Captioned web image data
== Segment start ==

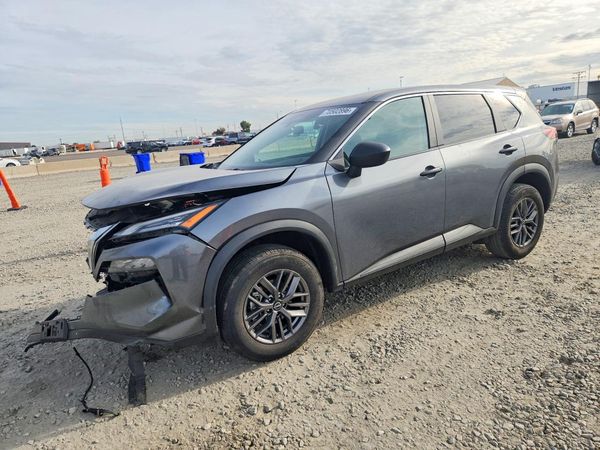 2023 NISSAN ROGUE S — Front 3/4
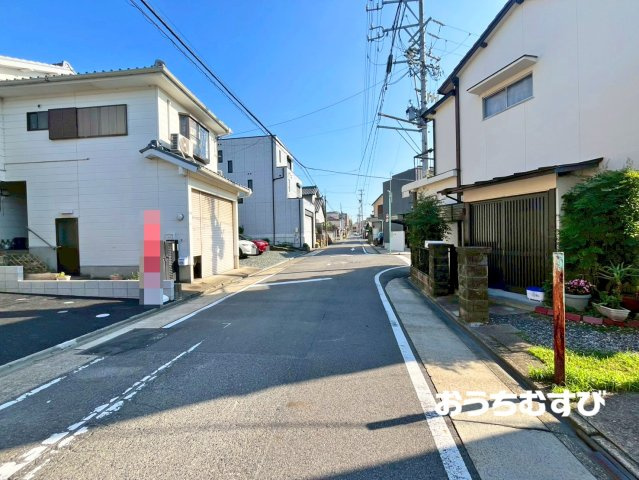 守山区川西第9(全1棟）の前面道路含む現地写真
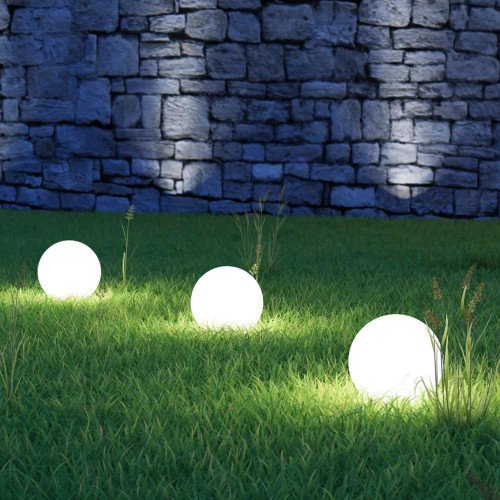 kunststof witte bollen tuinverlichting inclusief grondspie en lichtbron van Nostalux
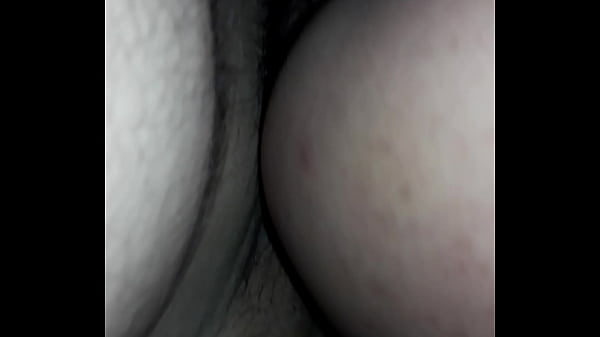 Moviendo el culo rico 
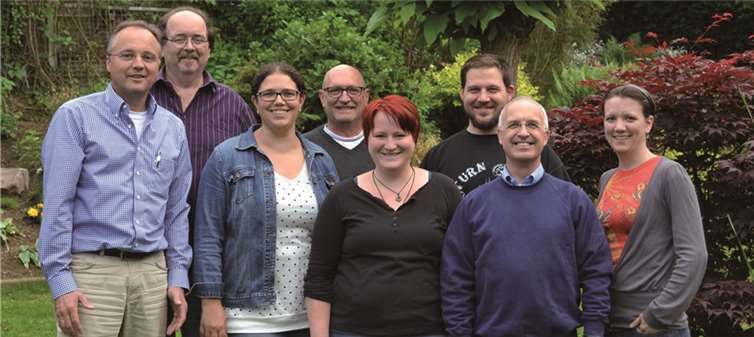 Der Vorstand der Sürscher 2014, v.l. Michael Blechschmidt (kooptiertes Mitglied); Helger Weingarten (2. Vorsitzender); Lillemor Scheid (Schriftführerin); Ludger Ockenfels (Kassenwart); Angela Haupt (1. Vorsitzende); Axel Rausch (Beisitzer); Joachim Eckermann (Beisitzer); Laura Konetzki (Pressewart). privat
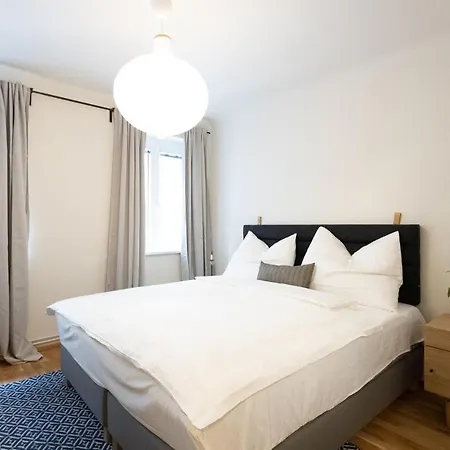 Chic 1-bed By Canal Walk To Historic Centre דירה וינה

== Segment end ==

Problem to work on: Output the whole of the data, unchanged; keep the pictures out.

Written response:
 2023 NISSAN ROGUE S — Front 3/4
 守山区川西第9(全1棟）の前面道路含む現地写真
 kunststof witte bollen tuinverlichting inclusief grondspie en lichtbron van Nostalux
 Moviendo el culo rico 
 Der Vorstand der Sürscher 2014, v.l. Michael Blechschmidt (kooptiertes Mitglied); Helger Weingarten (2. Vorsitzender); Lillemor Scheid (Schriftführerin); Ludger Ockenfels (Kassenwart); Angela Haupt (1. Vorsitzende); Axel Rausch (Beisitzer); Joachim Eckermann (Beisitzer); Laura Konetzki (Pressewart). privat
 Chic 1-bed By Canal Walk To Historic Centre דירה וינה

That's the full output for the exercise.